Krystal Rasmussen, president of the student-run Service Council that services the student section of the Volunteer and Service Learning Center, seems to epitomize this spirit that flows throughout the volunteer hub with her beaming and seemingly permanent smile.

 

“Christmas is so fun, and really exciting because it’s the time of year when everybody is friendly and they want to give back,” Rasmussen said. “It’s weird that it happens at this time, but we’ll take it. We love it.”

 

Rasmussen described the Service Council as a group devoted to helping students provide service while they’re going to college that doesn’t cost them financially: volunteer hours.

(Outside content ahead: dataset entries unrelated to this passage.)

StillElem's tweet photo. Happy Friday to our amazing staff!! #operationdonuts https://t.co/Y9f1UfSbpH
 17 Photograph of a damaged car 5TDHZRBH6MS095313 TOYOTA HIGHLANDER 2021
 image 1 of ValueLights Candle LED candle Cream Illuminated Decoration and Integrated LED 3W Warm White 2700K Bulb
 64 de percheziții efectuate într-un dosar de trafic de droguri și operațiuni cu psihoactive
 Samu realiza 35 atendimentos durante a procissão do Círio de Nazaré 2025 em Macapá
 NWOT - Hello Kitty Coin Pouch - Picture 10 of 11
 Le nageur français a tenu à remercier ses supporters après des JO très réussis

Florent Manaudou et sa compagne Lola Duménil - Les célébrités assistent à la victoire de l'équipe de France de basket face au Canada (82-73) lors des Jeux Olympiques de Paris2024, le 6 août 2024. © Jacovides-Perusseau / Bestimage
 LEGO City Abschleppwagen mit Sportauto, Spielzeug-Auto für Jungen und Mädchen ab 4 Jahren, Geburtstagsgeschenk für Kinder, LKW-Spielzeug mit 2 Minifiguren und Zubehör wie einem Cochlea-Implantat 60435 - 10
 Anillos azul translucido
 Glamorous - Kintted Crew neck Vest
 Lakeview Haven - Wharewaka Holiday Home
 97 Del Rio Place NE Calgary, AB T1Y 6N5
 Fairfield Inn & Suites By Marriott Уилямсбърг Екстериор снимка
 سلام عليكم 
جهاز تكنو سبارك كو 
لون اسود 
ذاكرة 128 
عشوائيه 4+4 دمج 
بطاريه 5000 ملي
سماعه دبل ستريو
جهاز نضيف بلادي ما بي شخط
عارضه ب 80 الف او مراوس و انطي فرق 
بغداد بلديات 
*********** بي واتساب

The council sponsors over 150 service projects each year, and students involved have the opportunity of working with faculty and community partners on a regular basis, in addition to helping people on a personal level. That connection with people, Rasmussen said, is “what it’s all about.”

 

It’s too late to get involved in this year’s Sub-for-Santa, but anyone that has the giving spirit can visit The Giving Tree in the Student Center by Subway for opportunities to help people in need during the holiday season. Of course, this season isn’t the only time people are encouraged to give. Work with the Volunteer and Service Learning Council is eagerly accepted all year.

 

“Being on the service council,” Rasmussen said, “is like experiencing Christmas every day.”